Beginning at the line that contains "provoque ceguera.", reproduce the entries below exactly, ending with the line that contains "Crème de traitement". Omit each picture.

Extracted information =
Start of Block
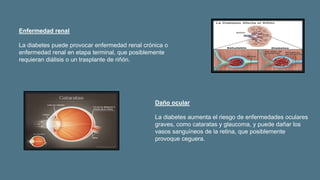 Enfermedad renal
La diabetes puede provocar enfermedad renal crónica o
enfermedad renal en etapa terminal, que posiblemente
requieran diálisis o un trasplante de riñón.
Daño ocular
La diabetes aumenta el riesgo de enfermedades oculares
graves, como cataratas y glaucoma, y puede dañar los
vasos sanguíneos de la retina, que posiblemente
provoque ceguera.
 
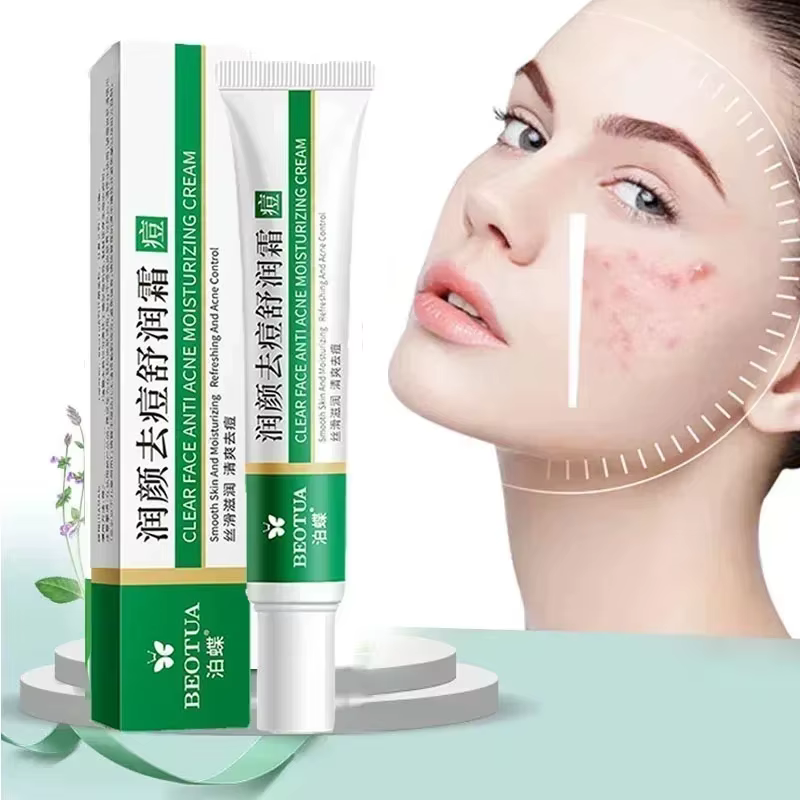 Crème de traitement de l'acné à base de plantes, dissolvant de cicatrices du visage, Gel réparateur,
End of Block
Start of Block
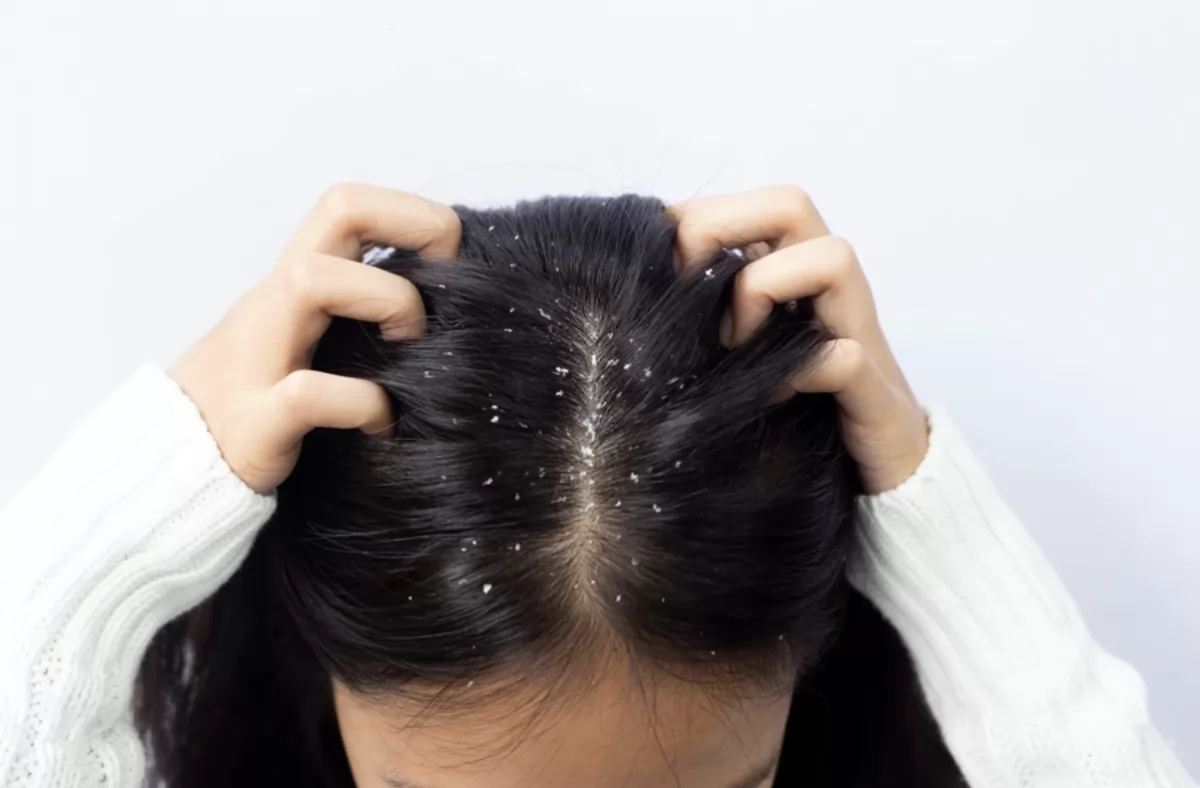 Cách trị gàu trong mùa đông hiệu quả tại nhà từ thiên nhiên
End of Block
Start of Block
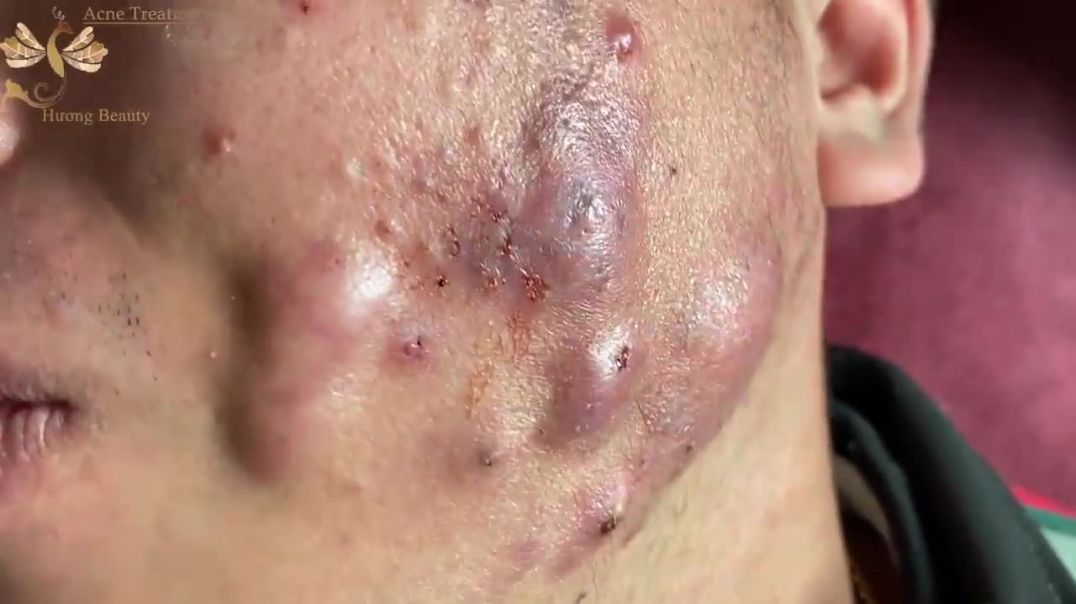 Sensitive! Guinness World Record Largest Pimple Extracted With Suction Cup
End of Block
Exercise result =
provoque ceguera.
 
 Crème de traitement de l'acné à base de plantes, dissolvant de cicatrices du visage, Gel réparateur,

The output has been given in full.